Crawled caption data.
◆ ◆ ◆

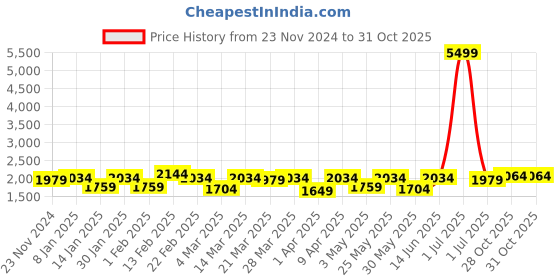 myntra.com NEW LIMITS Men Core new limits Price History Graph from 23 Nov 2024 to 30 Oct 2025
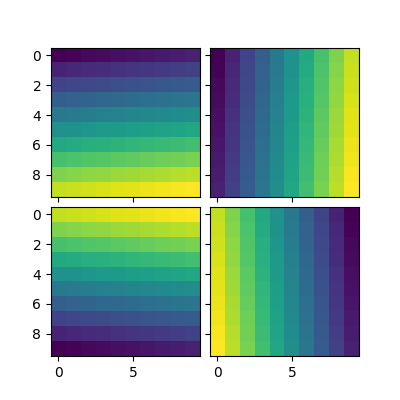 simple axesgrid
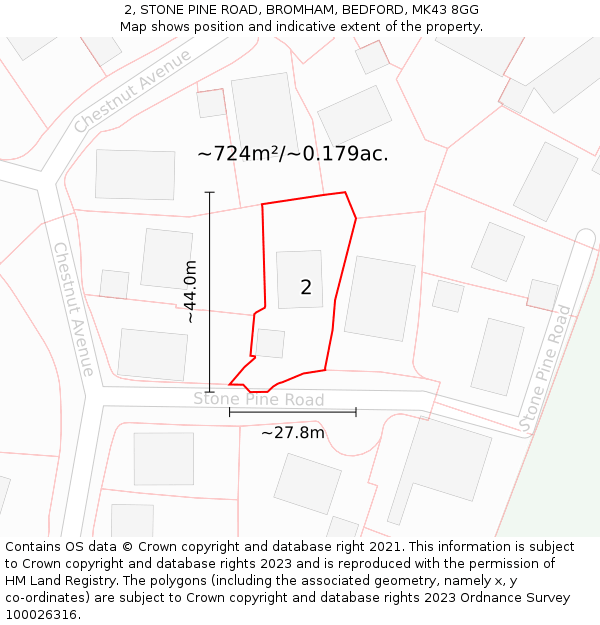 2, STONE PINE ROAD, BROMHAM, BEDFORD, MK43 8GG: Plot and title map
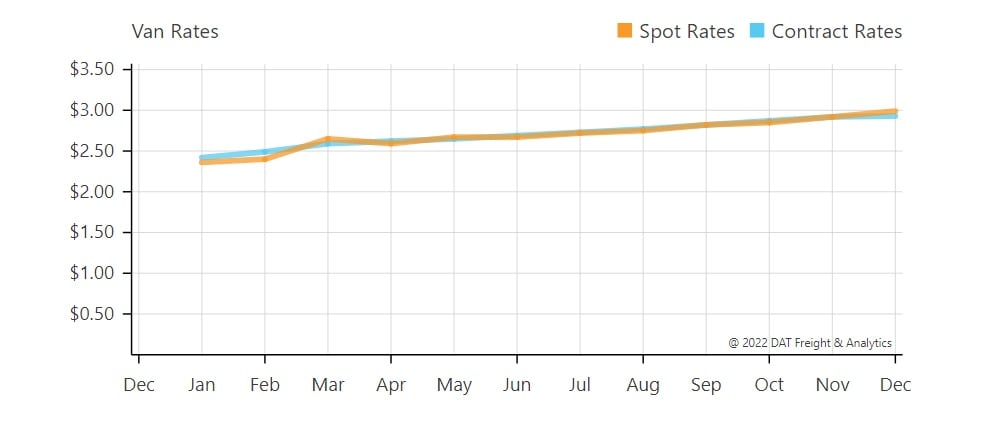 Vans_Spot Rates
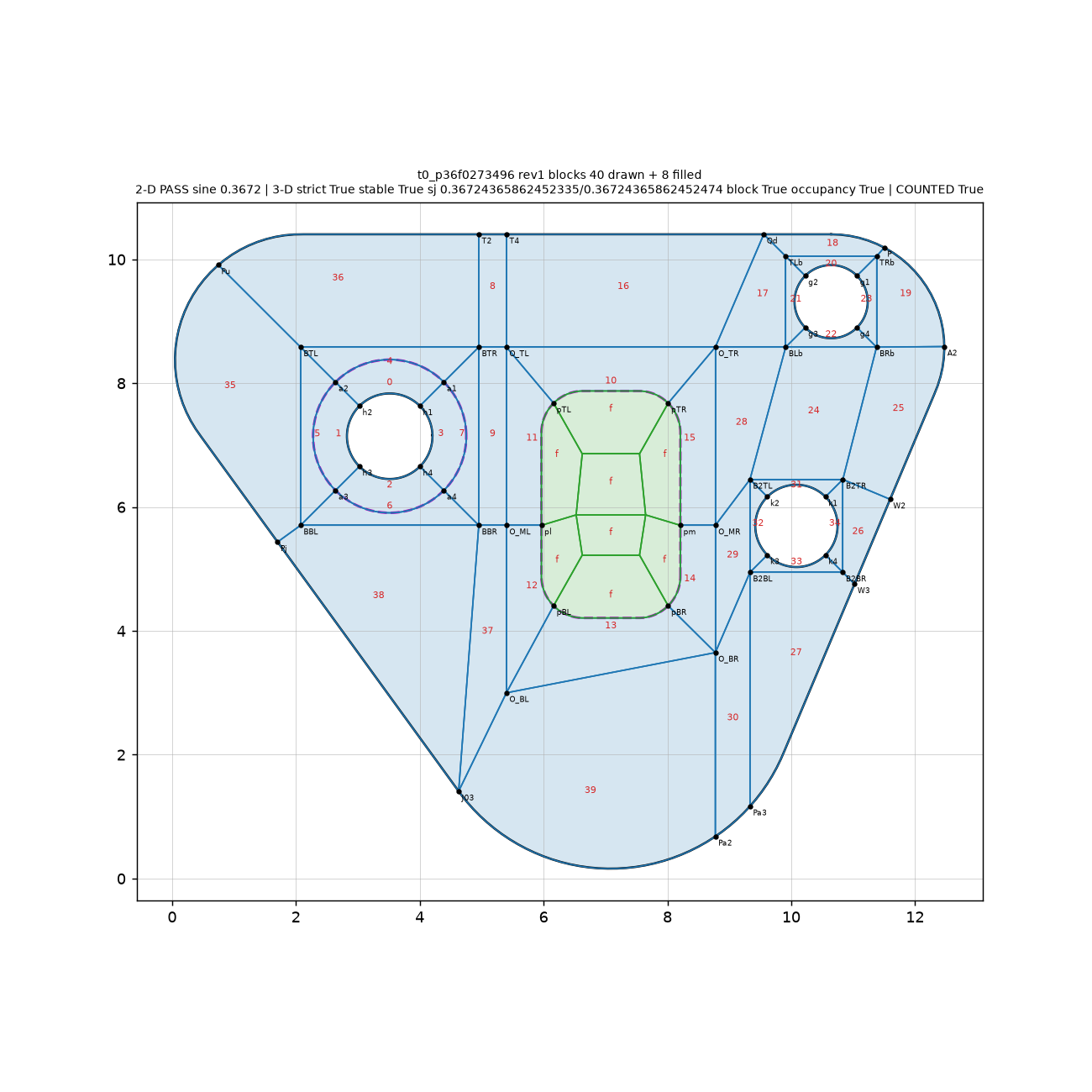 t8_profile_01040740 block layout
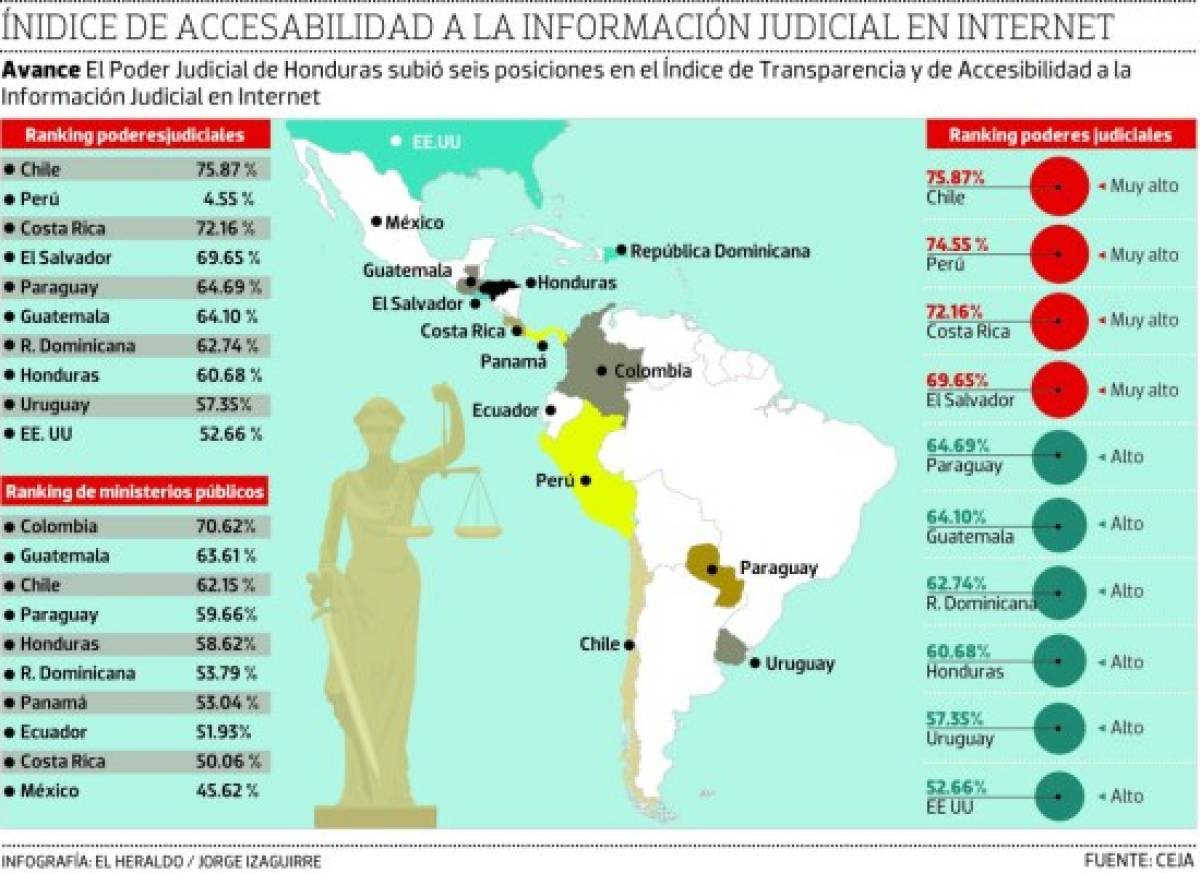 Honduras: Reconocen transparencia del Poder Judicial y de la Fiscalía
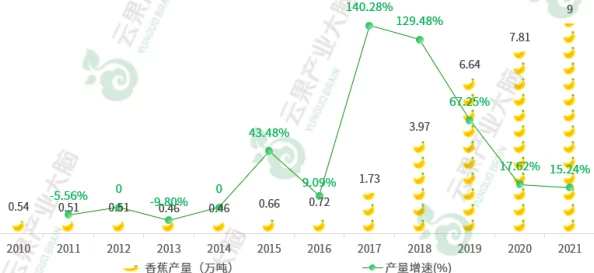 1024香蕉国产在线视频：最新动态与用户反馈分析，探讨其在视频分享平台中的影响力与发展趋势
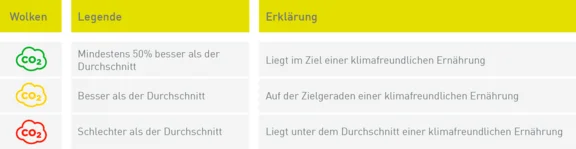 Legendenerklärung mit Icons einer Co2 Wolken in den farben grün, gelb und rot. Grün steht für Mindestens 50% besser als der Durchschnitt; Gelb für Besser als der Durchschnitt und Rot für Schlechter als der Durchschnitt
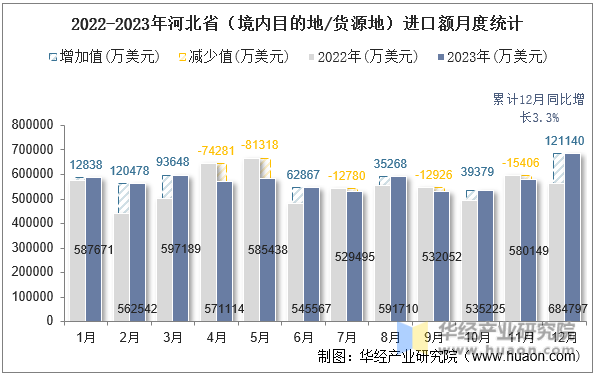 2022-2023年河北省（境内目的地/货源地）进口额月度统计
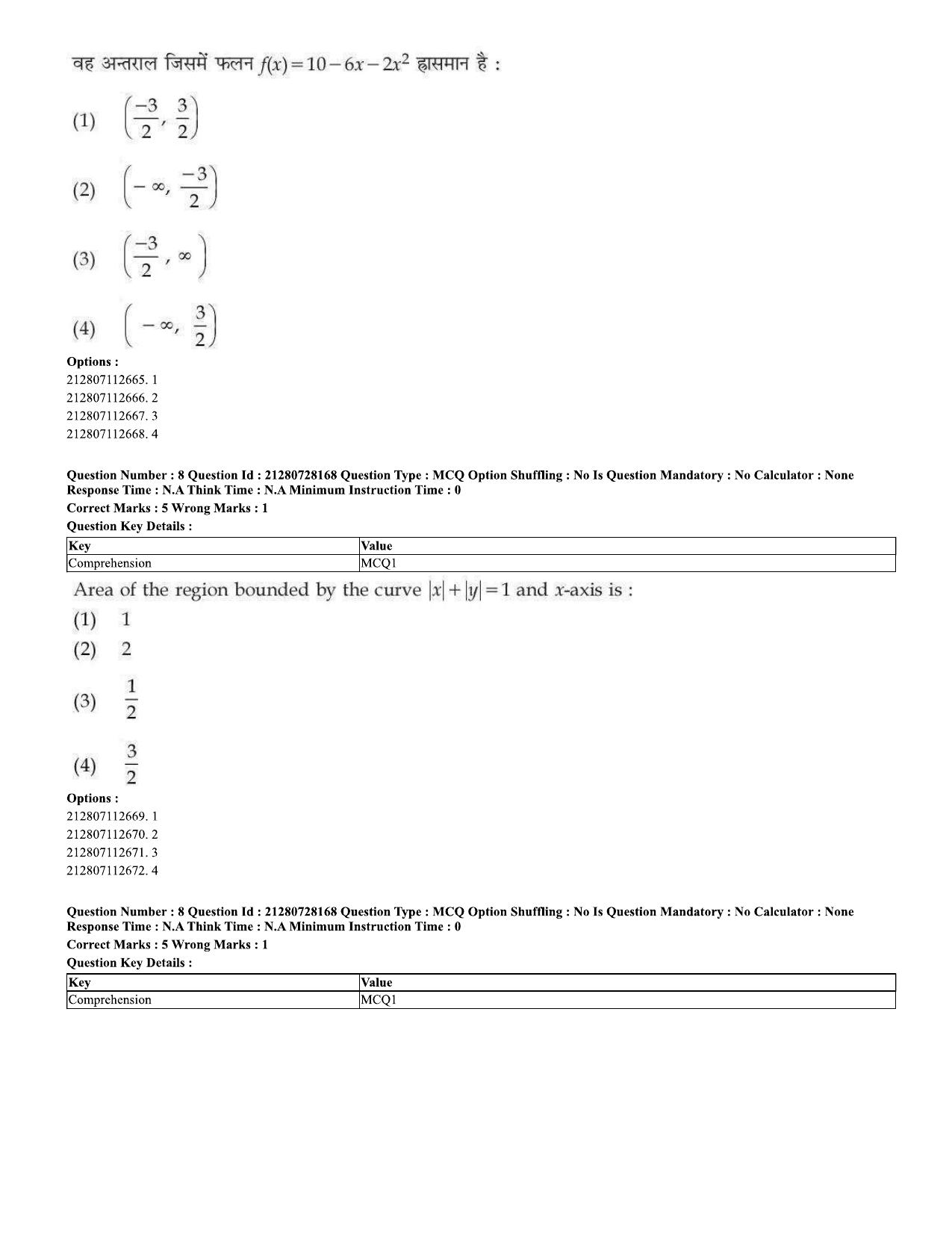 CUET 2023 Domestic Shift 2 Question Paper - 15 June 2023 - Page 8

◆ ◆ ◆

Task details. Excluding the pictures, reproduce every entry exactly as given.

Task result.
 myntra.com NEW LIMITS Men Core new limits Price History Graph from 23 Nov 2024 to 30 Oct 2025
 simple axesgrid
 2, STONE PINE ROAD, BROMHAM, BEDFORD, MK43 8GG: Plot and title map
 Vans_Spot Rates
 t8_profile_01040740 block layout
 Honduras: Reconocen transparencia del Poder Judicial y de la Fiscalía
 1024香蕉国产在线视频：最新动态与用户反馈分析，探讨其在视频分享平台中的影响力与发展趋势
 Legendenerklärung mit Icons einer Co2 Wolken in den farben grün, gelb und rot. Grün steht für Mindestens 50% besser als der Durchschnitt; Gelb für Besser als der Durchschnitt und Rot für Schlechter als der Durchschnitt
 2022-2023年河北省（境内目的地/货源地）进口额月度统计
 CUET 2023 Domestic Shift 2 Question Paper - 15 June 2023 - Page 8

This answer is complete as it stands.